The soup dumpling exterior skin is made from dough. Inside is the filling, usually meat and soup. If you eat them wrong, you risk scolding your tongue on the hot soup, or exploding the dumpling and having soup cascade onto the table and your clothes.

 

One way to eat them is to use a Chinse soup spoon. Put the dumpling on the spoon and take a small, gentle bite of the skin. Let some of the hot soup leak out onto the spoon, where it can cool. In addition to cooling, this releases the pressure and prevents an explosion. Sip the cooled soup then, after a moment, bite fully into the dumpling or put the whole thing in your mouth.

 

At Dim Sum Garden on Race Street you can get an order of eight pork soup dumplings for $6.25. These are fresh, not frozen.
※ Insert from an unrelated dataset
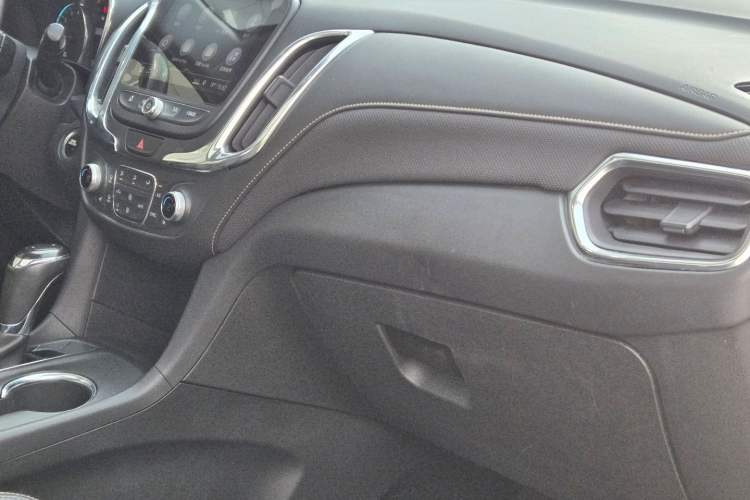 Used Chevrolet Equinox 2019 535T Automatic YuJie Edition China V Standard Interior 4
You can even watch them being made. At the truck, a bag of 100 frozen dumplings is $20.

 

“Only two bags?” the woman outside the truck asked.

 

“Yes, just two.”

 

The man inside put my order in a plastic bag. From the looks of things, all the other orders were in larger boxes.

 

“And, I heard you get a free drink,” I said.

 

The man in the truck put a can of Sacred Lotus Leaf Herbal Tea in my bag. As required, I paid in cash.

 

The tea was from Fujian province in China but the frozen dumplings came from a factory in the Maspeth section of Queens, right near Brooklyn. The commercial neighborhood was established in the 17th century by Dutch and English settlers. I guess immigrants continue to operate strongly there. In fact, Queens – the home of President-elect Donald Trump – may be the most diverse town in all of America, maybe the planet.

queens

“There are 1 million immigrants and a mix that is perhaps unprecedented in this borough’s history,” said Joseph Salvo,  a demographer with the city Planning Department.

 

He said the population is almost equally divided among Asian and Hispanic groups from countries such as China, Guyana, Ecuador, Colombia, the Dominican Republic, India and Korea.

 

Either way, someone there in Maspeth was working a job that helped bring soup dumplings to my table, and people closer to my home have come up with a great and inventive alternative to food shopping in the city.

 

The whole thing seems pretty good, and my thanks go out to the immigrants – or sons and daughters of immigrants – whose hard work and clever approach made it happen. They were attracted to the U.S. because of our system. They learned it, and grew it, and allowed many to benefit from it.

 

Bon appetit! Or maybe I should say, hen hao chi!